There are three main prerequisites for AFX SDK's containers:

  • NVIDIA Drivers NVIDIA Drivers (465.19.01+) for recommended for Maxine) are required to use NVIDIA GPUs here. Note: For older drivers please review CUDA Backward Compatibilty(experience may or may not be optimal).
  • Docker (19.03+) and the latest version of NVIDIA-Docker
  • NGC API Key for logging to NVIDIA's registry. Details are available here.

Running the container

Use the following commands to run the container.

docker run --gpus all -it --rm -v :

and if using depricated nvidia-docker, based on a version of docker prior to 19.03, use:

nvidia-docker run -it --rm -v /tmp/.X11-unix:/tmp/.X11-unix -w

Documentation & resources

There are a plethora of resources you can access like our Programming Guide, Getting Started Guide, Devloper Blogs and API Videos. All these resoureces are accessible via our Getting Started Page.

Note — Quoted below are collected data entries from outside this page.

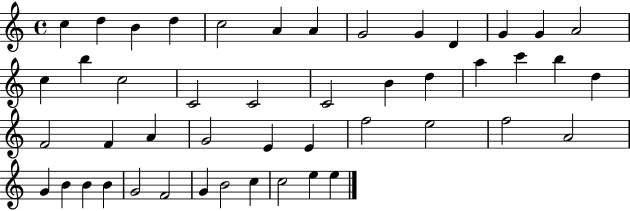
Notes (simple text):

C5/q D5/q B4/q D5/q C5/h A4/q A4/q G4/h G4/q D4/q G4/q G4/q A4/h C5/q B5/q C5/h C4/h C4/h C4/h B4/q D5/q A5/q C6/q B5/q D5/q F4/h F4/q A4/q G4/h E4/q E4/q F5/h E5/h F5/h A4/h G4/q B4/q B4/q B4/q G4/h F4/h G4/q B4/h C5/q C5/h E5/q E5/q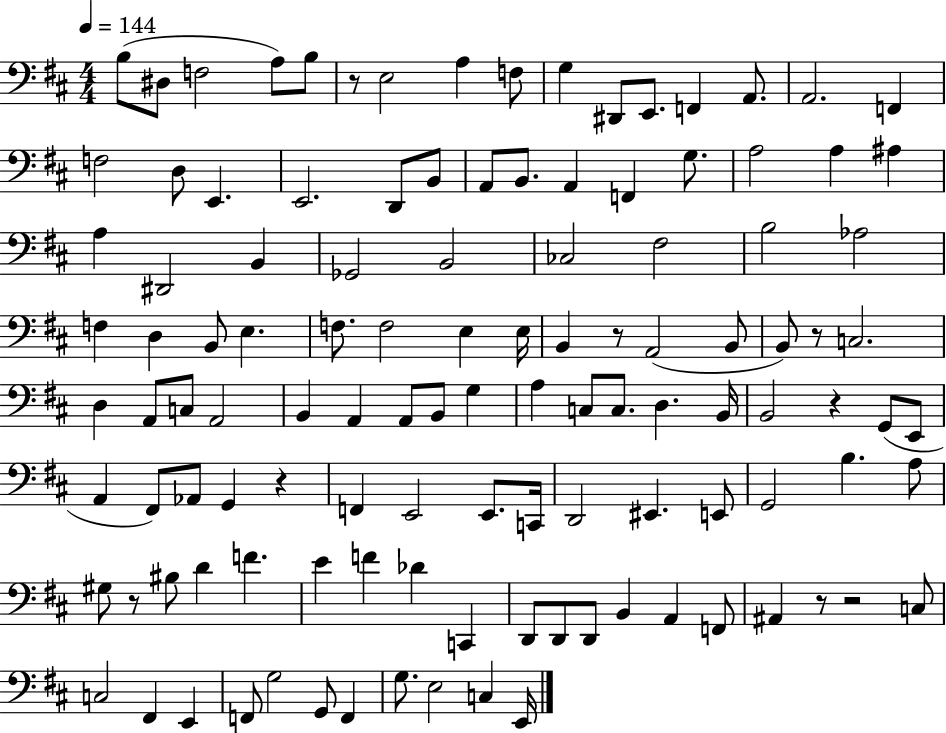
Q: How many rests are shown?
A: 8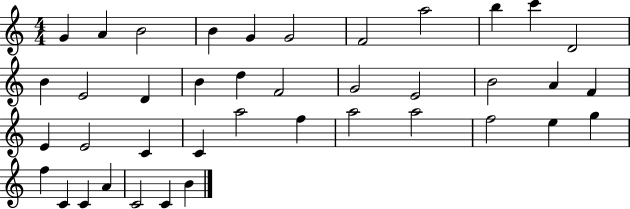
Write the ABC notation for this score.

X:1
T:Untitled
M:4/4
L:1/4
K:C
G A B2 B G G2 F2 a2 b c' D2 B E2 D B d F2 G2 E2 B2 A F E E2 C C a2 f a2 a2 f2 e g f C C A C2 C B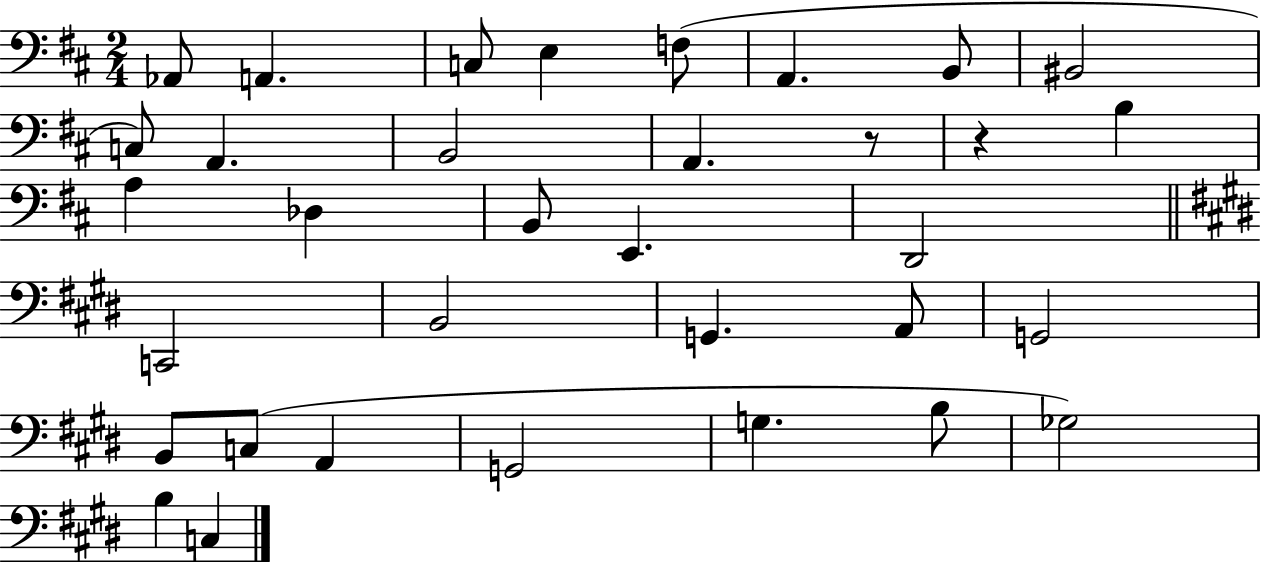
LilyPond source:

{
  \clef bass
  \numericTimeSignature
  \time 2/4
  \key d \major
  aes,8 a,4. | c8 e4 f8( | a,4. b,8 | bis,2 | \break c8) a,4. | b,2 | a,4. r8 | r4 b4 | \break a4 des4 | b,8 e,4. | d,2 | \bar "||" \break \key e \major c,2 | b,2 | g,4. a,8 | g,2 | \break b,8 c8( a,4 | g,2 | g4. b8 | ges2) | \break b4 c4 | \bar "|."
}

The AFX SDK's programming guide can be found in the container at /usr/local/AudioFX/docs and here. This guide contains:

  • Supplementary feature information and information for selecting the most suitable configurations for specific use-cases
  • Detailed AFX API descriptions with best practices and examples
  • Information for using sample applications
  • Bare-metal installation requirements

The container houses sample applications for feature demonstrations as well as an implementation example. Check the "Running a sample application" section for more details.

The sample applications provide an example for using Maxine-specific APIs. Some familiarity with CUDA is required. To brush up on CUDA basics, check out the tutorials, the documentation, and the best practices guide.

Running a sample application

AFX SDK's sample applications can be found in /usr/local/AudioFX/samples/ which contains effects_demo and effects_delayed_streams_demo. The following example demonstrates how to use the effects_demo application.

./effects_demo -c turing_denoise16k_1_cfg.txt

The above command processes one 16kHz audio file on a Turing gpu. Let's take a closer look at the used config file.

effect denoiser
sample_rate 16000
model ../../models/turing/denoiser_16k.trtpkg
real_time 0
intensity_ratio 1.0
input_wav_list ../input_files/denoiser/16k/Fan_16k.wav
output_wav_list out_16k.wav

The user can select the effect with effect (denoiser, dereverb, dereverb_denoiser), specify the I/O files with input_wav_list and output_wav_list, choose the sample rate with sample_rate(16 kHz or 48 kHz). Please explore Section 2 of the programming guide for more details.


  • Naming convention for models has been changed (see Section 3.2 (Setting the Parameters of an Audio Effect) in Programming Guide for details).
  • The SDK supports MIG on NVIDIA DGX A100
  • Improved the quality of the Noise Suppression Effect.
  • The maximum batch sizes supported by some effects have changed.


The Audio Effects SDK license can be found within the container and on our Getting Started Page

Ethical AI

NVIDIA's platforms and application frameworks enable developers to build a wide array of AI applications. Please, consider potential algorithmic bias when choosing or creating the models being deployed. Work with the model's developer to ensure:

  • The model meets the requirements for the relevant industry and use case
  • The necessary instruction and documentation are provided to understand error rates, confidence intervals, and results
  • The model is being used under the conditions and in the manner intended.